Western Australia’s Wheatbelt wonders

From July to December each year, Western Australia’s Wheatbelt region is lit up with one of nature’s most beautiful displays – wildflowers bloom in all varieties and colours. This part of Australia is home to more than 12,000 species, 60 per cent of which are endemic to the state. Here are some wildflower spots to add to your dream itinerary.

Dryandra National Park

Sitting 22 kilometres from Narrogin, this national park is the largest remaining area of virgin forest in the western Wheatbelt. It’s a great representation of the area before it was cleared, and comes to life with wandoo, powderbark, pockets of jarrah and marri, mallee and rock sheoak. Keep an eye out for the malleefowl building mounds or the numbat, which can sometimes be seen in the undergrowth.

Lake Grace

This region is encircled by glittering salt lakes, which truly is a sight to see! Known for western mallee, as well as a large number of indigenous plant groups, such as hakea, eucalypts, acacia and grevillea, Lake Grace is one of the Wheatbelt’s prime wildflower spots, and is listed as one of 34 plant biodiversity hotspots. Wander down the walking trails to see these blooms up close and personal.
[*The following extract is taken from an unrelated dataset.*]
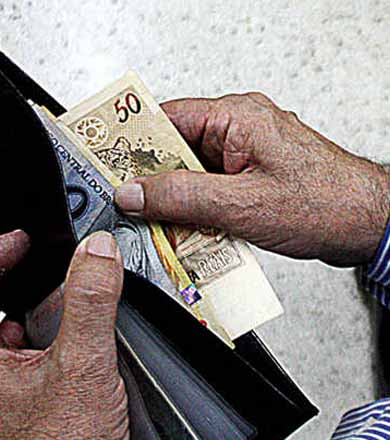 Liberação de empréstimo para aposentados e pensionistas vai demorar apenas 1 hora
Wave Rock and Buckley’s Breakaway

Kulin is known for its annual Bush Races event and the Tin Horse Highway. Aside from the colourful tin horse statues, it’s also a great region for seeing wildflowers in their full glory. Located 70 kilometres east of Kulin, on the way to Wave Rock, is Buckley’s Breakaway. It’s a beautiful landscape, with white and orange cliffs rising and falling to emulate a wave. Come here to see golden prickly dryandras, pink petrophiles, blue dampiera and delicate orchids.